Why is it like this? It seems it is not giving any new information because assume vector X has four elements it seems that I only get the two elements and I can never get the other two. Can anyone here help me to solve this problem ? I know this might give me the least norm solution but that's not what I am after.
First of all, you have an underdetermined system since you have more unknowns than equations. This means that, without any assumptions on the problem such as sparsity, you will have infinitely many solutions. Note that, for instance, $X=[0.5;1;0.5;1]$ or $X=[0.75;1.9;0.25;0.1]$ are also perfectly correct solutions to your original least squares problem.

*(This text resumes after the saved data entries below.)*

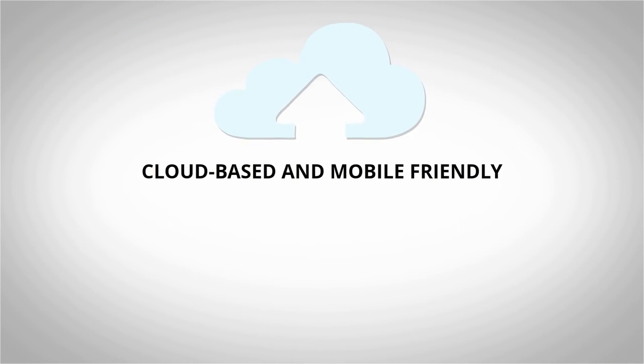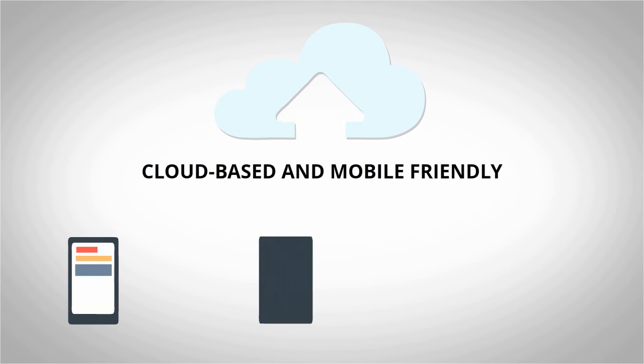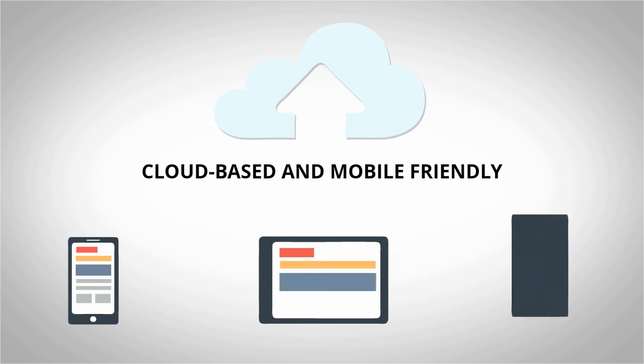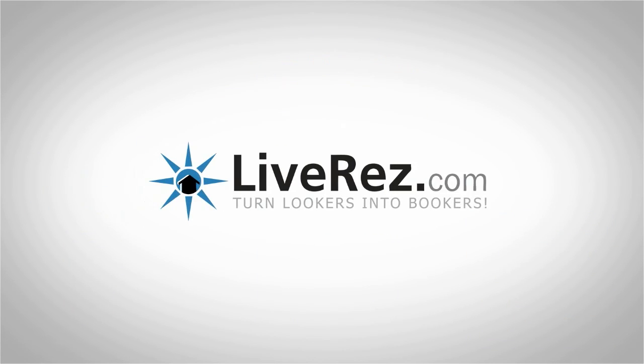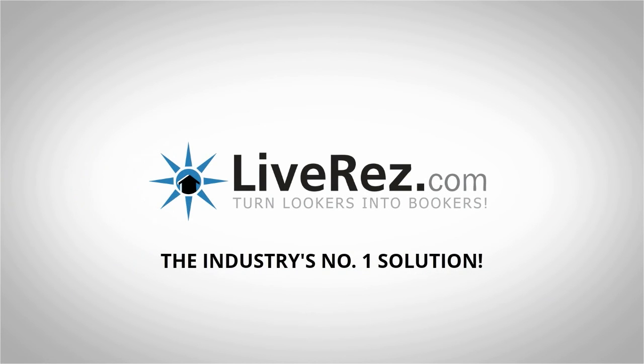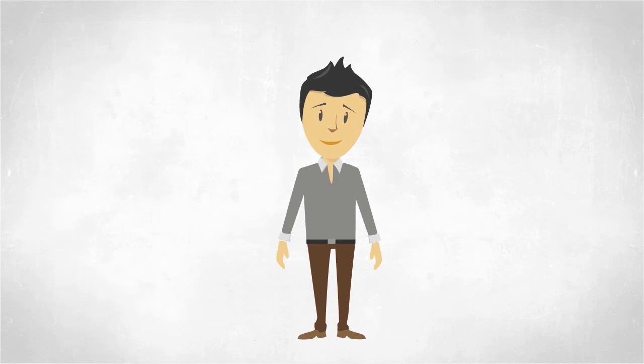It's 100% cloud-based and mobile responsive, giving you the power to access your accounts anywhere, anytime, and on any device. And it's completely integrated with LiveRes, the world's most popular vacation rental software platform.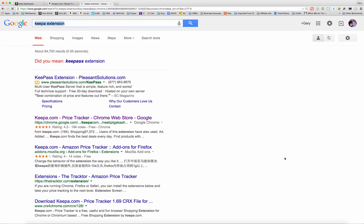Hey, this is Gary Baird with SellerEssentials.com. In this video, I want to show you how I use the Keepa browser extension to help analyze products when I'm sourcing either online or with my phone out in the store.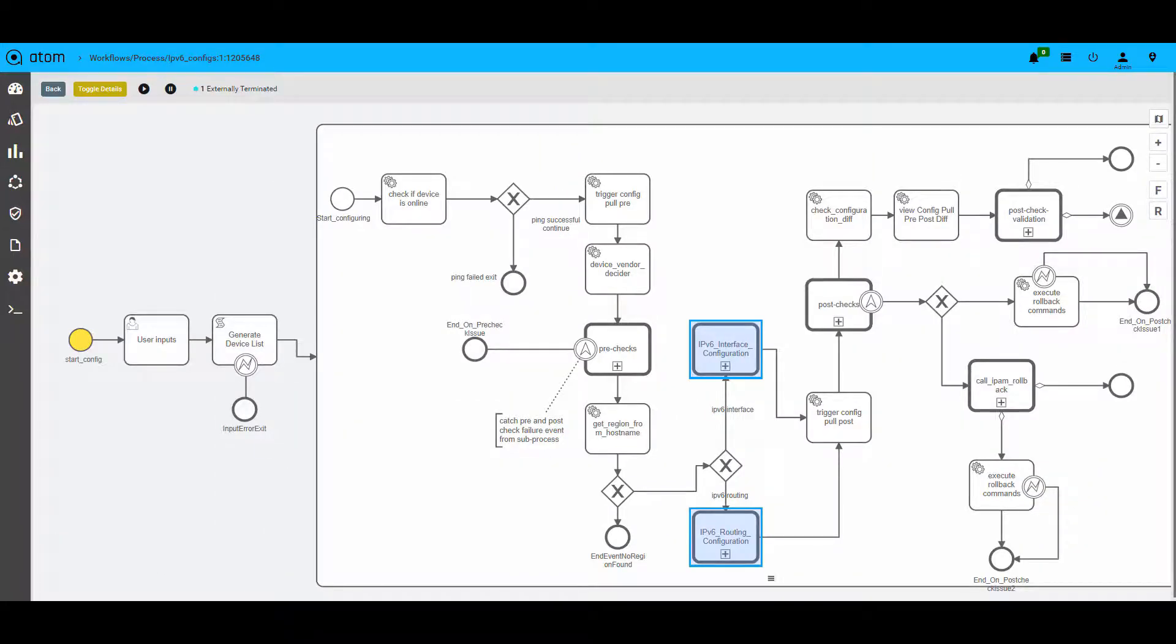If the pre-checks are successful, then the workflow proceeds to the next step. It will perform interface-specific configurations and routing-specific configurations based on the inputs. After the provisioning, the configurations are pulled again to ensure consistency on both sides.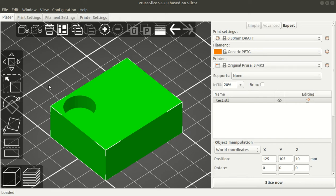This is my testing model. It's just a simple block with a hole in the corner. I wanted to make the area around the hole more solid by adding the infill to 100%, but the whole model still keeps with 20% infill.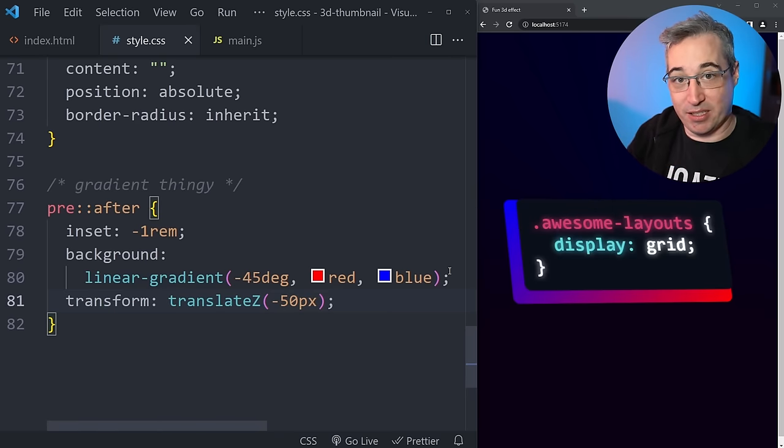Now we're ready to make this work with JavaScript. We go back up to the pre where we set up rotations, and instead of hard-coded angles, we replace them with CSS variables — `--rotate-y` and `--rotate-x`. Since neither is defined yet, they default to zero and we see it flat, which is exactly where we want it to start. Then we add the script tag linking to our JavaScript file.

It seems to me that you have used ridge regression to regularize your problem $$ ||y-Ax||_2^2+\delta||x||_2^2 $$ yielding $$ x^* = \left(A^TA+\delta I \right)^{-1}A^Ty $$ What you have done now is added some small weights $\delta$ to the diagonal of $A^TA$ to make this matrix invertible (or differently expressed: increased the eigenvalues). Your original $A$ has duplicate columns $[1\ 0]^T$ and $[0\ 1]^T$. When this is the case, ridge regression will yield a solution that divides the power of the corresponding elements in $x$ equally. To see this assume that $A = [a\ a]$, thus a matrix composed of two identical columns. The problem is then $$ \underset{x}{\text{minimize}}\ ||y-Ax||^2_2+\delta||x||_2^2=\underset{x_1,x_2}{\text{minimize}}\ ||y-ax_1-ax_2||^2_2+\delta||x_1||_2^2+\delta||x_2||_2^2 $$ taking the partial derivatives with repsect to $x_1$ and $x_2$ and setting them to zero, one gets $$ -a^T(y-ax_1+ax_2)+\delta x_1=0\\ -a^T(y-ax_1+ax_2)+\delta x_2=0 $$ this means that $$ x_1=x_2=\frac{a^Ty}{2a^Ta+\delta}\quad (1) $$ So when you apply ridge regression to your problem you get a unique solution where the power becomes evenly distributed over the variables corresponding to the columns that are identical. Now, you stated that the sum of the first and the third column gave you $1$ and the sum of the second and fourth column gave you $2$. This is not correct. It will actually be less than $1$ and $2$. This is because of the $\delta$, which is in the denominator of $(1)$. For the original least squares problem, however, the power can be distributed in any way between the variables corresponding to the identical columns of $A$. This is the difference between the two approaches.
Hope this clarified things!